> **Task description**
Can you copy out the data exactly? Leave the images out.

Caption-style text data
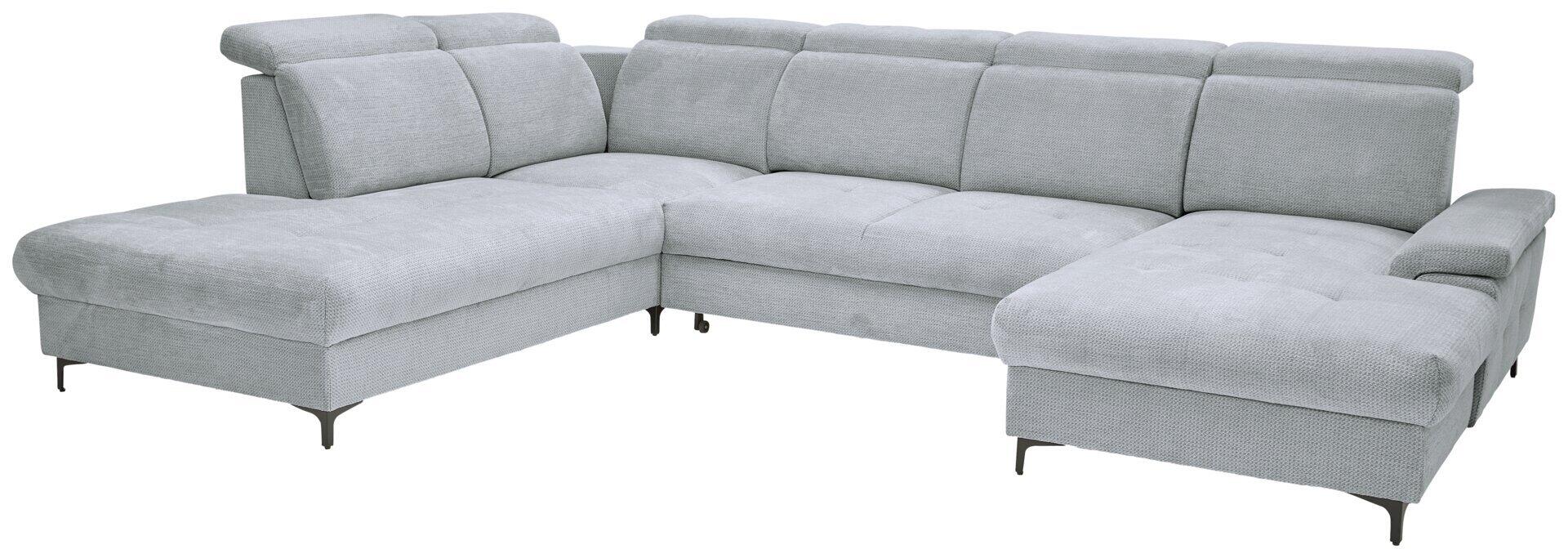 Wohnlandschaft Corsica in Grau mit abklappbarer Rückenlehne, hochklappbarem Schlafsofa-Element und konischen, silberfarbenen Füßen.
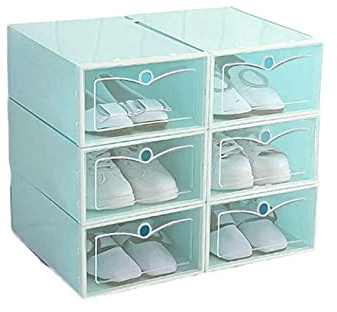 LIANYG 6 stücke Plastikschuhkasten stapelbar Faltbarer Schuh Organizer Schublade Aufbewahrungskasten mit Klapper tür Damen männer schuhbox 81 (Color : GNS)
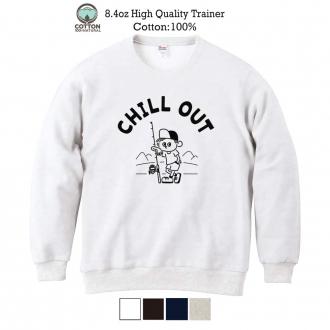 【トレーナー】【釣りざんまい】のんびり釣りしよう 8.4oz Cotton:100%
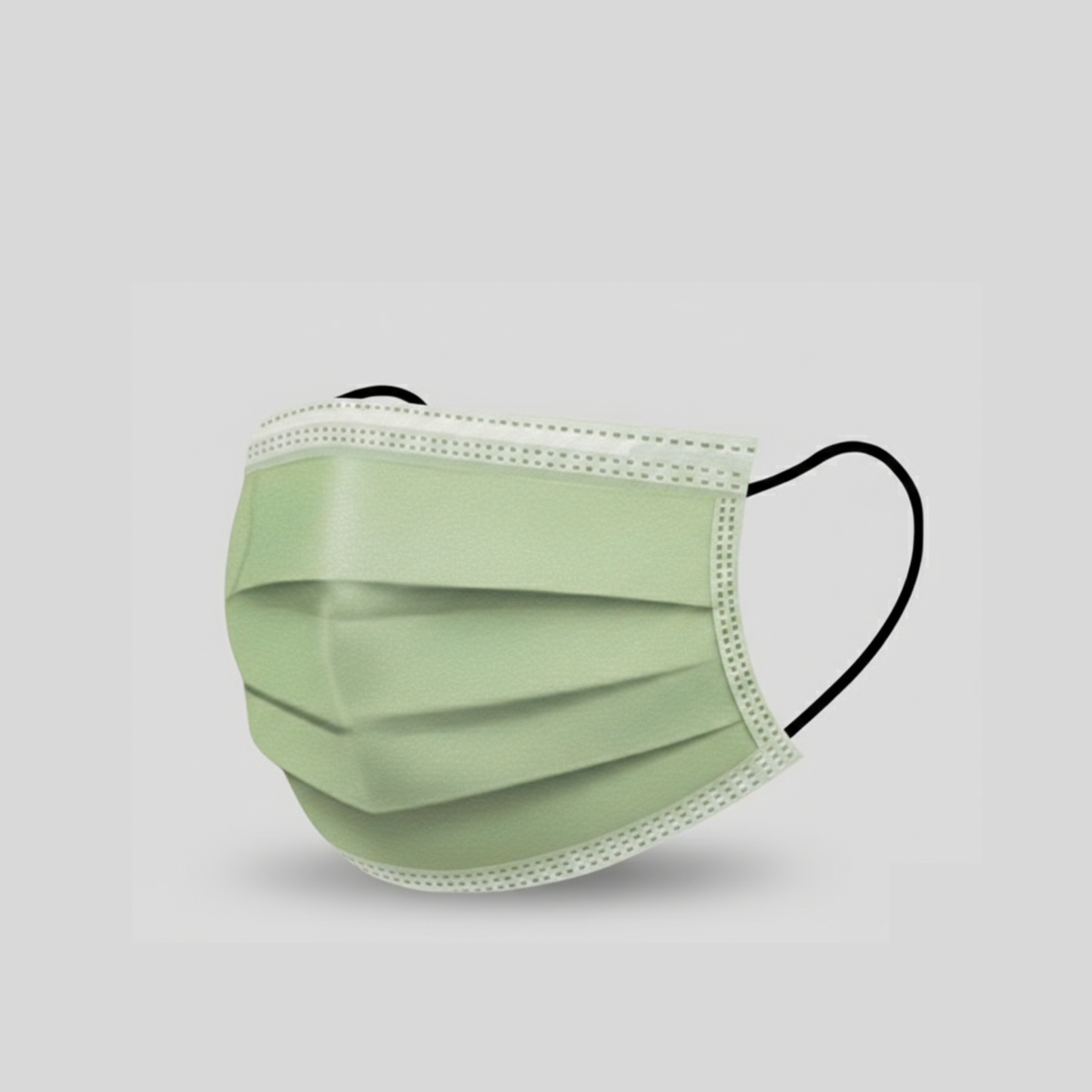 Cubrebocas infantil tricapa color verde con ajuste nasal y diseño cómodo para uso escolar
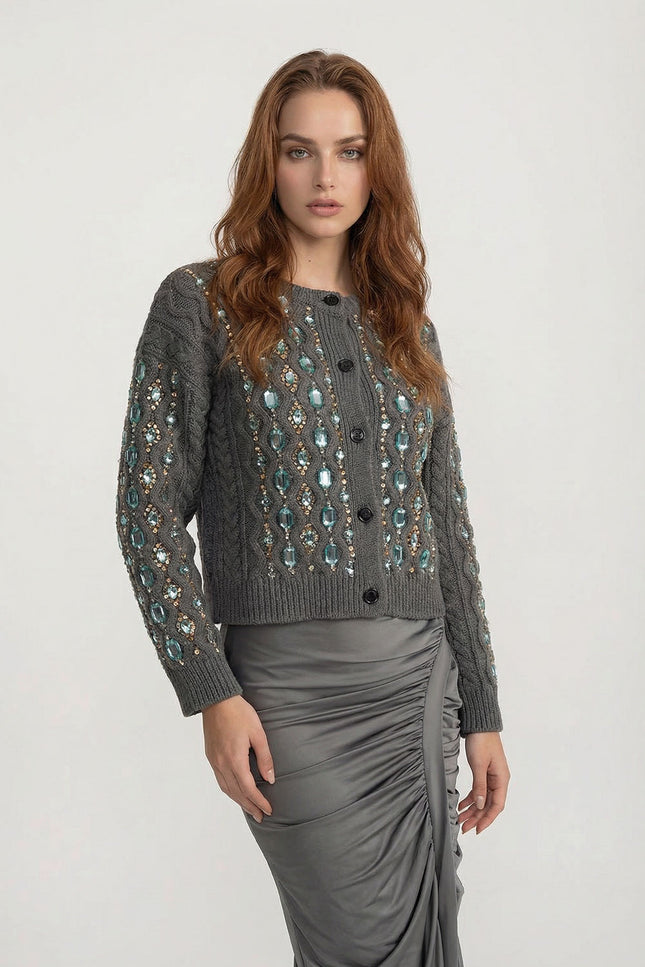 Viviana - Cable Knit Cardigan with Embellished Gem Detailing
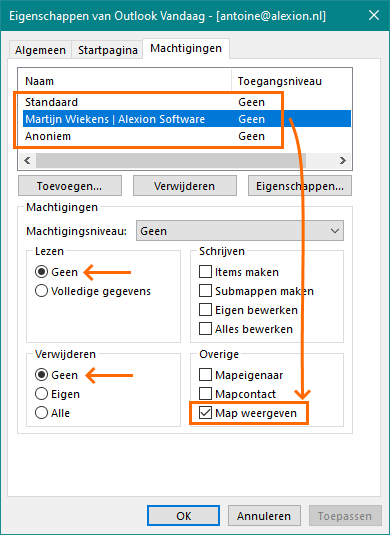 Alexion CRM - Outlook machtigingen hoofdmap - instellen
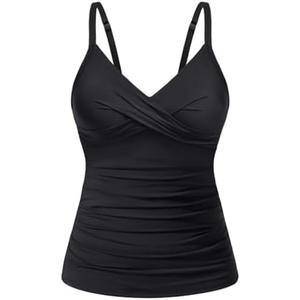 Yonique Women's Tankini Top Swimwear Twist V Neck Swimsuits Tummy Control Bathing Suits Top Only XL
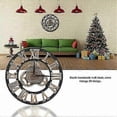 thumbnail image 2 of Vintage Wall Clock Round Metal Silent Battery Operated 45cm Black Roman Numerals Living Room, 2 of 5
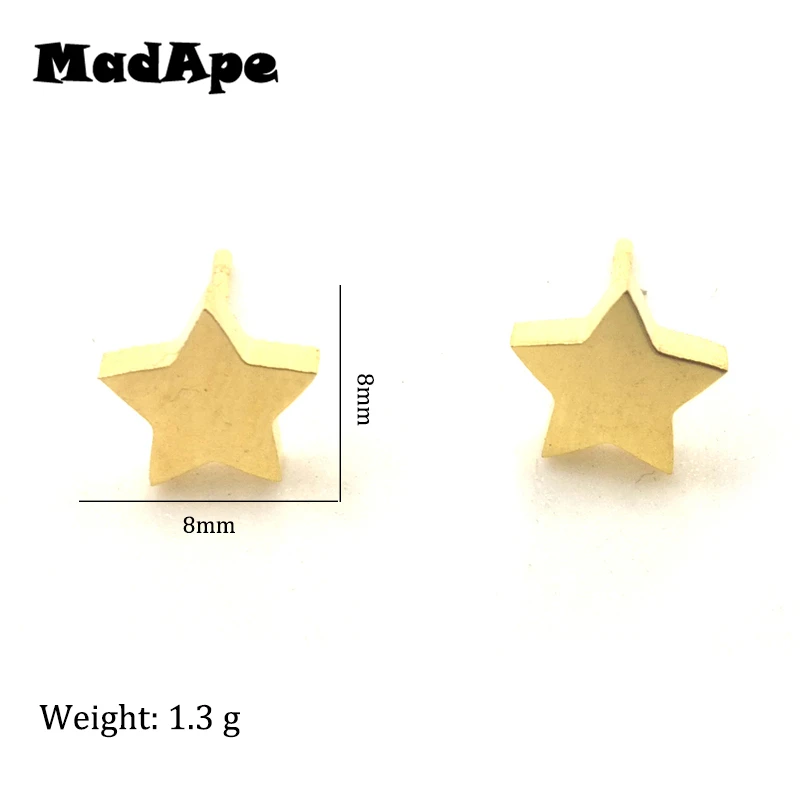 Классические серьги-гвоздики MadApe 8 мм в форме звезды модные женские серьги из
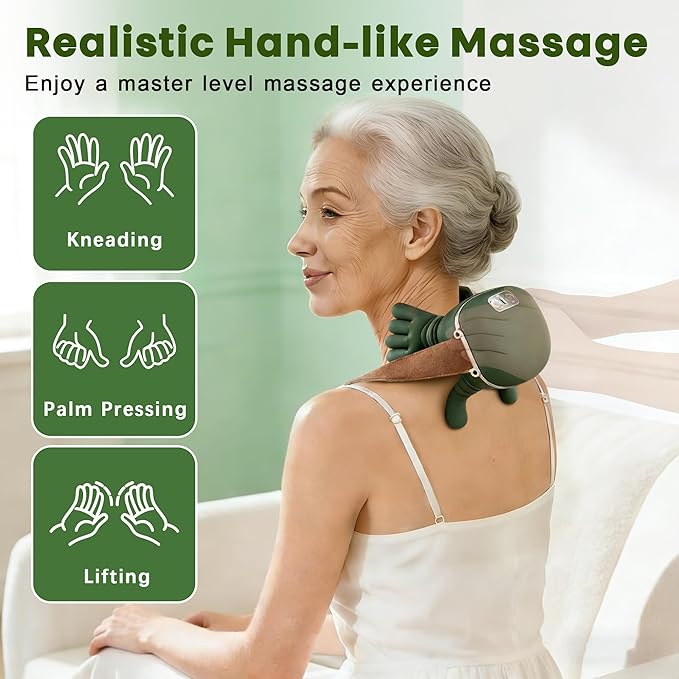 Neck Massager for Pain Relief Deep Tissue 4D Kneading Massage Quiet &amp Portable Lightweight 3-Speed Adjustment Cordless Neck and Shoulder Massager with Heat Electric Hand Massager for Muscle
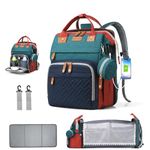 CESAILT Diaper Bag Backpack, Waterproof Diaper Bag, with Diaper Changing Pad, Baby Large Portable Bag, Travel Backpack Bag, Green-blue-red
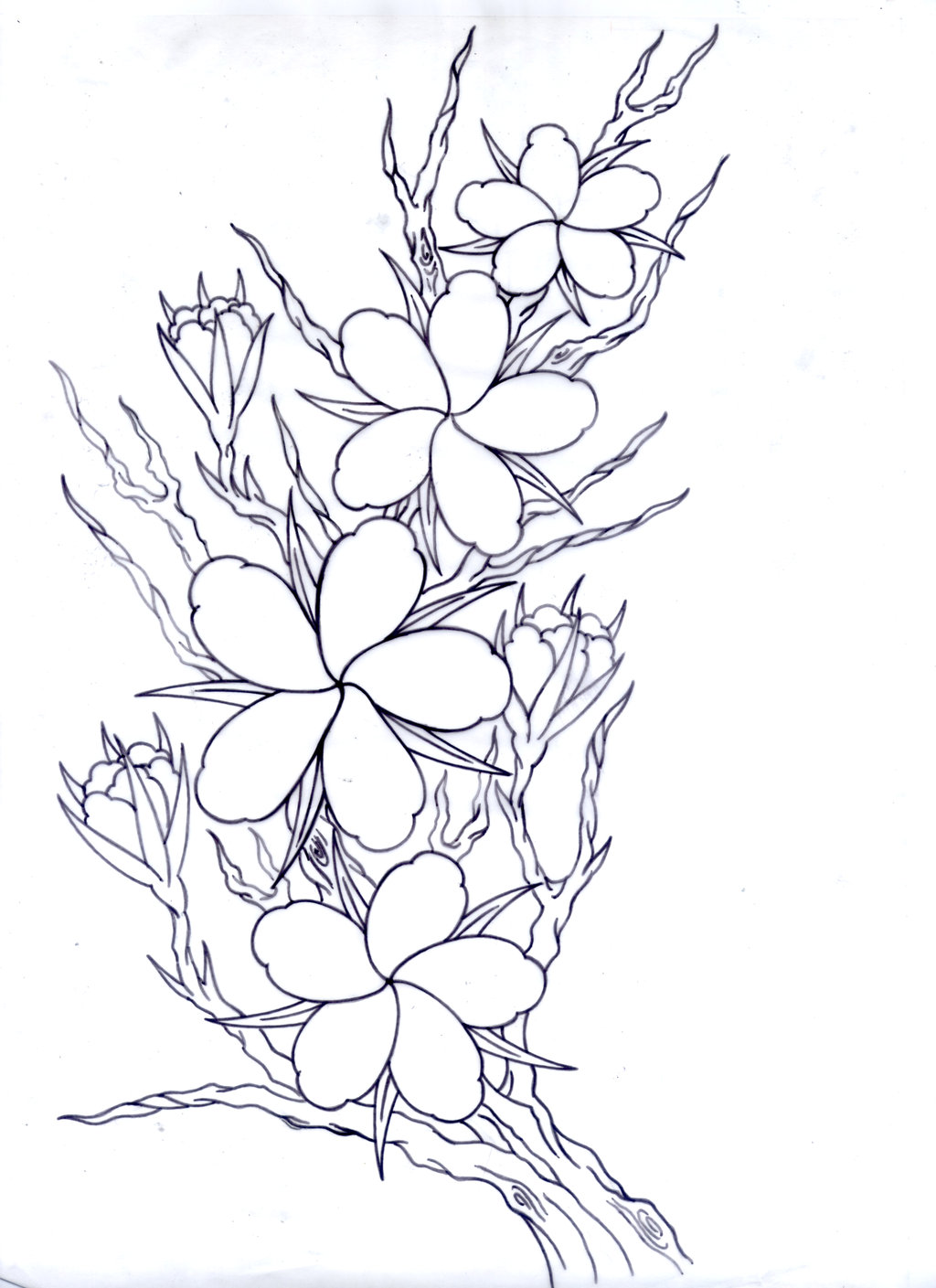 1024x1409 Spiral Cherry Blossom By Micaeltattoo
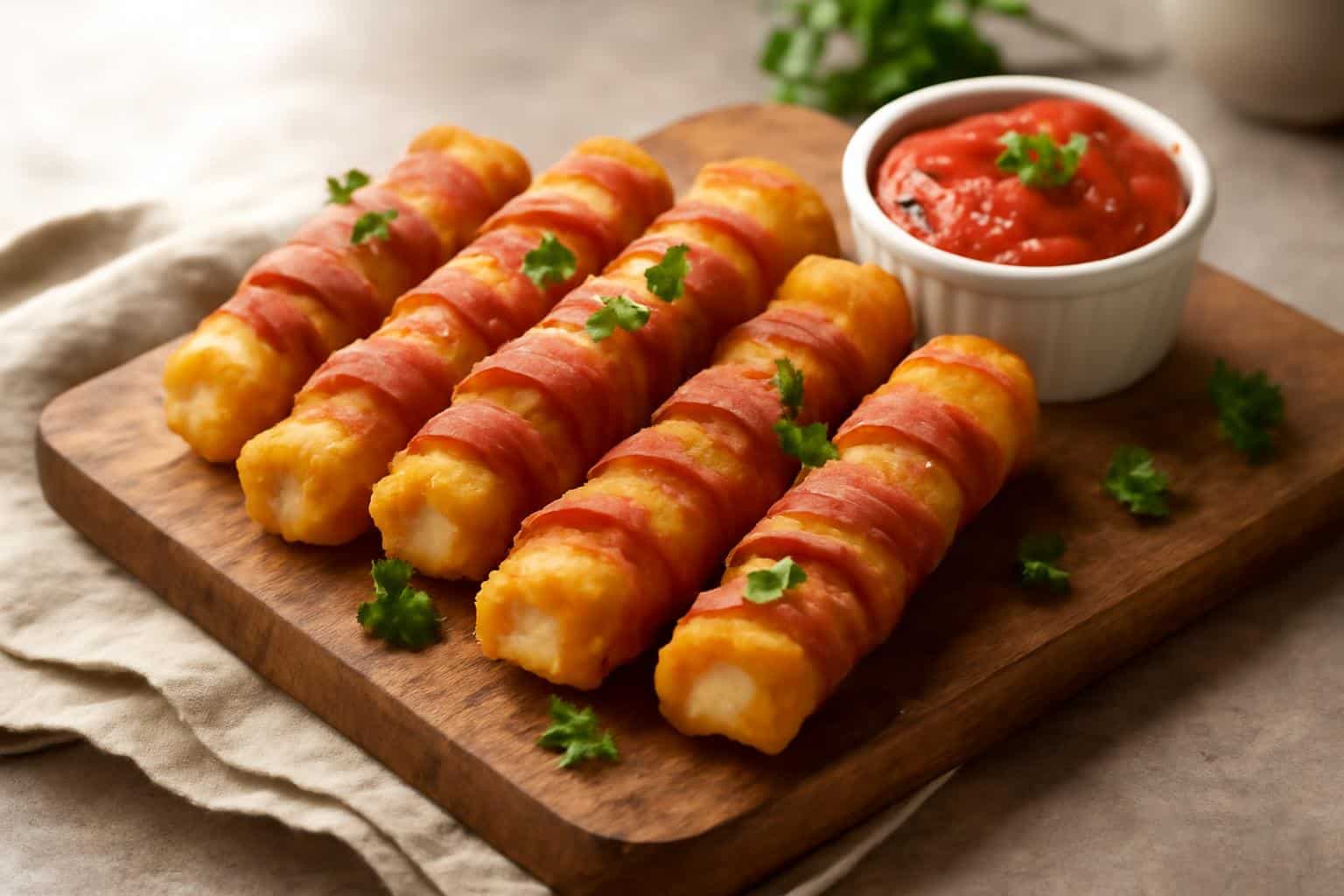 Crispy bacon-wrapped mozzarella sticks on a rustic board with marinara sauce, bacon-wrapped mozzarella sticks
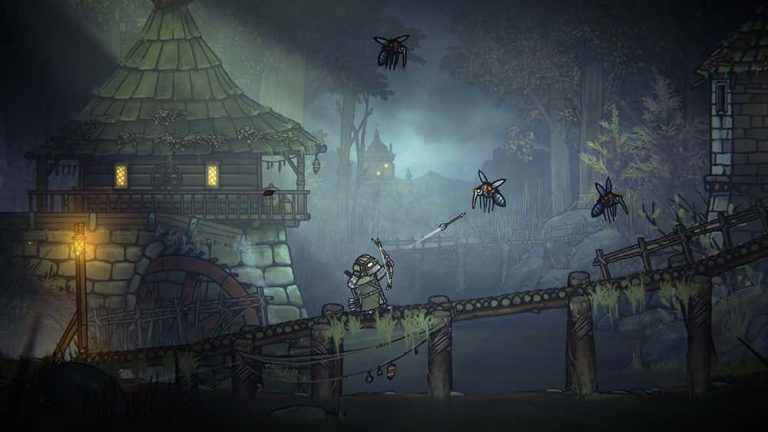 Image showing gameplay screen shot from Tails of Iron showing a 2D armoured rat fireing a bow and arrow at a mosquito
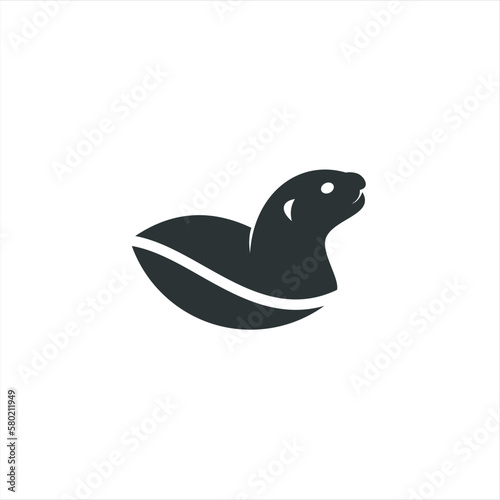 otter logo is shaped with lines forming a stylized otter  from profile view in a black color  creating a stylized black otter logo.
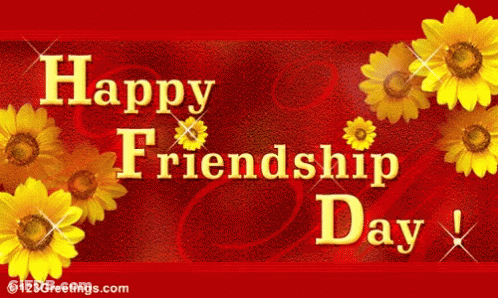 A Red Background With Yellow Flowers And The Words Happy Friendship Day On It GIF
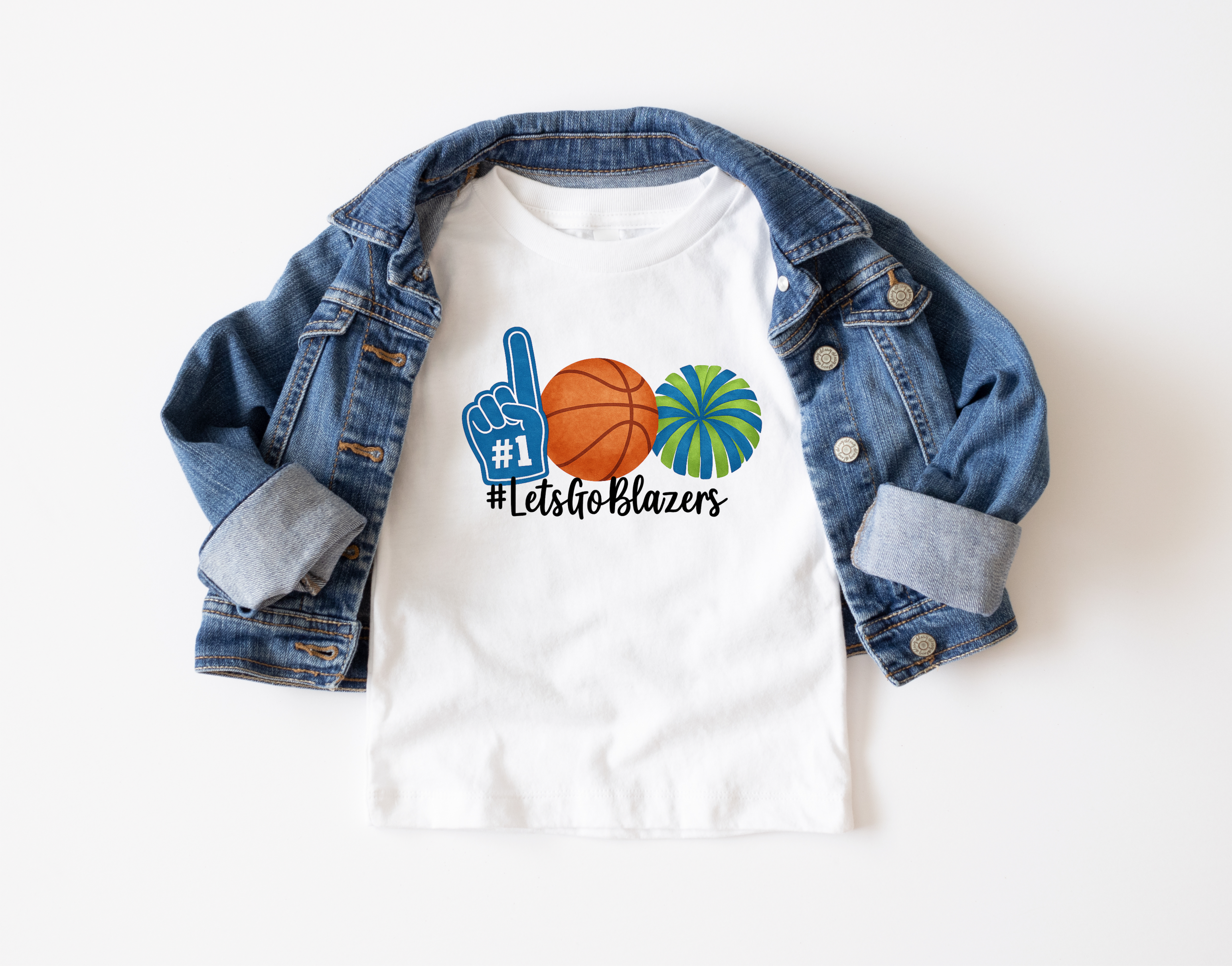 Blazers Pom Basketball Watercolor T-Shirts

> **Completed task**
 Wohnlandschaft Corsica in Grau mit abklappbarer Rückenlehne, hochklappbarem Schlafsofa-Element und konischen, silberfarbenen Füßen.
 LIANYG 6 stücke Plastikschuhkasten stapelbar Faltbarer Schuh Organizer Schublade Aufbewahrungskasten mit Klapper tür Damen männer schuhbox 81 (Color : GNS)
 【トレーナー】【釣りざんまい】のんびり釣りしよう 8.4oz Cotton:100%
 Cubrebocas infantil tricapa color verde con ajuste nasal y diseño cómodo para uso escolar
 Viviana - Cable Knit Cardigan with Embellished Gem Detailing
 Alexion CRM - Outlook machtigingen hoofdmap - instellen
 Yonique Women's Tankini Top Swimwear Twist V Neck Swimsuits Tummy Control Bathing Suits Top Only XL
 thumbnail image 2 of Vintage Wall Clock Round Metal Silent Battery Operated 45cm Black Roman Numerals Living Room, 2 of 5
 Классические серьги-гвоздики MadApe 8 мм в форме звезды модные женские серьги из
 Neck Massager for Pain Relief Deep Tissue 4D Kneading Massage Quiet &amp Portable Lightweight 3-Speed Adjustment Cordless Neck and Shoulder Massager with Heat Electric Hand Massager for Muscle
 CESAILT Diaper Bag Backpack, Waterproof Diaper Bag, with Diaper Changing Pad, Baby Large Portable Bag, Travel Backpack Bag, Green-blue-red
 1024x1409 Spiral Cherry Blossom By Micaeltattoo
 Crispy bacon-wrapped mozzarella sticks on a rustic board with marinara sauce, bacon-wrapped mozzarella sticks
 Image showing gameplay screen shot from Tails of Iron showing a 2D armoured rat fireing a bow and arrow at a mosquito
 otter logo is shaped with lines forming a stylized otter  from profile view in a black color  creating a stylized black otter logo.
 A Red Background With Yellow Flowers And The Words Happy Friendship Day On It GIF
 Blazers Pom Basketball Watercolor T-Shirts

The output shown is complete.